President Karol Nawrocki has officially vetoed Poland’s Cryptoasset Market Act, halting legislation he says would have imposed unnecessarily harsh restrictions on the country’s rapidly growing cryptocurrency sector. In a statement published on his official website, Nawrocki warned that several sections of the bill posed “a real threat to the freedom of Poles, their property, and the stability of the state,” raising serious concerns about government overreach and potential damage to the tech industry.
Concerns Over Website Blocking and Regulatory Burden
One of the president’s strongest objections focused on provisions that would allow authorities to block crypto company websites “with a single click.” He argued that the rules surrounding domain blocking were vague, open to abuse, and lacked adequate safeguards. Nawrocki also criticized the bill’s excessive length—spanning more than 100 pages—especially when compared with much simpler regulatory frameworks adopted by neighboring countries.

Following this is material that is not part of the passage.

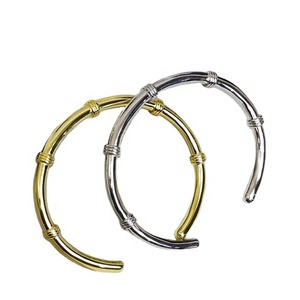 Unisex Colarmix 18K Gold Plated Bamboo-Patterned Polished Punk Style Wedding Chunky Cuff <b>Bangle</b> - Product Image 1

Beyond the complexity of the act, the president highlighted the high regulatory fees that he believes would favor large corporations while stifling innovation among smaller startups. Such financial barriers, he warned, would create an uneven playing field and discourage homegrown entrepreneurs from entering the market.
Risk of Pushing Crypto Innovation Abroad
Nawrocki cautioned that overregulating the sector would likely push crypto businesses to relocate to more welcoming environments, such as the Czech Republic or Slovakia. Instead of encouraging investment and technological development within Poland, he argued, the act could drive opportunity out of the country.
Elected in June as an independent supported by the Law and Justice party, Nawrocki emphasized that smart, balanced regulation—not restrictive policies—is key to fostering innovation while protecting consumers. His veto signals a call for lawmakers to rethink the approach and craft legislation that supports rather than stifles Poland’s growing crypto economy.